# Math Help - Ordinary Differential Equation (quick question about a step in the process)

1. ## Ordinary Differential Equation (quick question about a step in the process)

Looking through my notes for a maths exam tomorrow I can't figure out the jump from one step to another:

The original question is Solve:

$\frac{dy}{dx}-y=x^2e^2x$

now further down the steps I can't figure out how it jumps from:

$\frac{1}{x}\frac{dy}{dx}-\frac{1}{x^2}y=e^2x$

to

$\frac{d}{dx}(y\frac{1}{x})=e^2x$

What I want to know is how you get from the $\frac{dy}{dx}$ to the $\frac{d}{dx}$ and what happens to the $\frac{-1}{x^2}y$

Thanks

2. I think you have a typo in your problem, the original equation should be $xy'-y=x^2e^2x.$

As for your question, what do you get if you try to differentiate w.r.t. to $x$ the expression $y\cdot\frac1x$ ?

3. I don't see any typo no, that's the notation we use for Ordinary Differential Equations.

Differentiating that will give you the $\frac{-1}{x^2}y$ yes, but what I think I'm meaning to say is, how do you jump from the $\frac{dy}{dx}$ to $\frac{d}{dx}$ what is the difference between them.

And if you do as you say and differentiate w.r.t. to the expression ? How can this still be the same as the line up above it?

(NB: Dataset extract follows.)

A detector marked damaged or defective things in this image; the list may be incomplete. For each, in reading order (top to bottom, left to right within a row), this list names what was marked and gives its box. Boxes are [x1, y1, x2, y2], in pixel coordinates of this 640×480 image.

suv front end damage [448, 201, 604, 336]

Surely that would make it: $\frac{-1}{x^2}y=e^2x$ and not

Or am I completely missing something here?

4. Originally Posted by Macca567
I don't see any typo no, that's the notation we use for Ordinary Differential Equations.

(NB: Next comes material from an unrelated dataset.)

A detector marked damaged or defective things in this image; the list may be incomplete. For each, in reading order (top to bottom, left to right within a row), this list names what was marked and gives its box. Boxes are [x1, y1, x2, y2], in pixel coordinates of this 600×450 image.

Differentiating that will give you the $\frac{-1}{x^2}y$ yes, but what I think I'm meaning to say is, how do you jump from the $\frac{dy}{dx}$ to $\frac{d}{dx}$ what is the difference between them.

And if you do as you say and differentiate w.r.t. to the expression ? How can this still be the same as the line up above it? Surely that would make it: $\frac{-1}{x^2}y=e^2x$ and not

Or am I completely missing something here?
You are missing something.

$
\frac{d}{dx} \left(\frac{y}{x} \right) = \frac{x y' - y}{x^2}
$

by the quotient rule and implicit differentiation.